2.    The facts of the case are that the appellant was arrested in FIR No. 158/2016 for an offence under Section 9(c) CNS Act and at the time of his arrest, one 9-MM pistol was recovered from his possession. As the said pistol was without licence; therefore, another FIR No. 159/2016 was lodged under Section 23(1)(a) SAA.

3.    After completion of the investigation, Final Report was submitted to the concerned Magistrate, who after taking cognizance sent up the case to the learned Sessions Judge from where it was entrusted to the trial Court, where the trial was conducted, and he was convicted and sentenced as mentioned above.

4.    The trial against the appellant/accused was initiated and a charge was framed. He denied the charge and claimed trial. During trial, the prosecution examined complainant ASI Tariq Khan and marginal witness ASI Mir Khan as well as Investigation Officer SIP Muhammad Akram Qureshi. All the relevant documents and articles pertaining to case were produced through the complainant and investigation officer. After examination of prosecution witnesses, the learned Prosecutor closed the prosecution side and the statement of appellant/accused was recorded under Section 342 CrPC in which he once again denied the prosecution case and pleaded his innocence. He did not prefer to be examined on oath neither he produced any witness in his defence.

5.    On consideration of the evidence, the learned Court below found that the offence under section 23(1)(a) SAA has been made out and convicted and sentenced the accused as already mentioned. The conviction and sentence are challenged in this appeal.

6.         Arguments heard and record perused.

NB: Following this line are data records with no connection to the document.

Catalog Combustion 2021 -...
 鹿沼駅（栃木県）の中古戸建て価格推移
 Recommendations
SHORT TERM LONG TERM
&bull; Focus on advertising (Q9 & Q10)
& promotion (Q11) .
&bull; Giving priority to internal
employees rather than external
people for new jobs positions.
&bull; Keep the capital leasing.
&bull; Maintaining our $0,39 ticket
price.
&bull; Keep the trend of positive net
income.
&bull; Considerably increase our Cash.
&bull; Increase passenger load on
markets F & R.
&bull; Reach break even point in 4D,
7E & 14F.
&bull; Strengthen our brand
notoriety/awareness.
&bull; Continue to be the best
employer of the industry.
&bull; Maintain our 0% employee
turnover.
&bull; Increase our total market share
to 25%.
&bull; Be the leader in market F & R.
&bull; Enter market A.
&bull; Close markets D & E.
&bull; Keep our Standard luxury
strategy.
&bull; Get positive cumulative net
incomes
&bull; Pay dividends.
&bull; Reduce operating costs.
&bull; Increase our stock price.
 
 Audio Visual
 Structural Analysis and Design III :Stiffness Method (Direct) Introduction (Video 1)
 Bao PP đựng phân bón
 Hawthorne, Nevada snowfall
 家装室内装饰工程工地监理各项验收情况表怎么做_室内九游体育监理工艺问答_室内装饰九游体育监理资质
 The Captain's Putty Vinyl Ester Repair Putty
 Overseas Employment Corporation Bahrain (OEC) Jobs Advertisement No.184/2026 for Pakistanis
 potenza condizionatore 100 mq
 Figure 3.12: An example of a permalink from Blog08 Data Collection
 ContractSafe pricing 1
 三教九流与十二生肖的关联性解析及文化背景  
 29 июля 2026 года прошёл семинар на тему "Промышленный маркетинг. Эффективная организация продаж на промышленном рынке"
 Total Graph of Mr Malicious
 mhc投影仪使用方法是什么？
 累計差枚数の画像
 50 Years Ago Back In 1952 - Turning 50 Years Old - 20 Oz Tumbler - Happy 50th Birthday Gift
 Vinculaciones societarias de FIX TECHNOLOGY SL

7.    After having heard the learned counsel for the appellant and the learned APG and after having meticulously going through the record, the submissions made by the learned APG seems to be unjustified. Besides there are certain contradictions, inconsistencies, developments and embellishments in the evidence of PWs. In my humble view, the very ‘memo of arrest and recovery’ appears to be doubtful as it is mentioned in that the police party apprehended the appellant but they did not try to associate a private and independent witness of arrest and recovery. Even at the time of inspection of the place of incident, no private person could be arranged by the investigation officer. The complainant admits that he did not try to associate any private person as witness. There was ample time to arrange a witness but the same was avoided which creates doubt regarding the whole of the prosecution story. I have also noticed some important and vital contradictions in the deposition of witnesses, which is fatal for the prosecution case. The complainant in his deposition admitted that he had not mentioned certain important things regarding description of weapon like rubbing of number, non-mentioning of the wordings mentioned at the magazine etc. Even it is also admitted that the sketch prepared is not matching with the pistol and the lock of pistol is not available in the sketch. After going through the entire material, I am confident that the case against the appellant is engulfed under the thick clouds of doubt and it is settled law that the benefit of doubt should go in favour of the accused.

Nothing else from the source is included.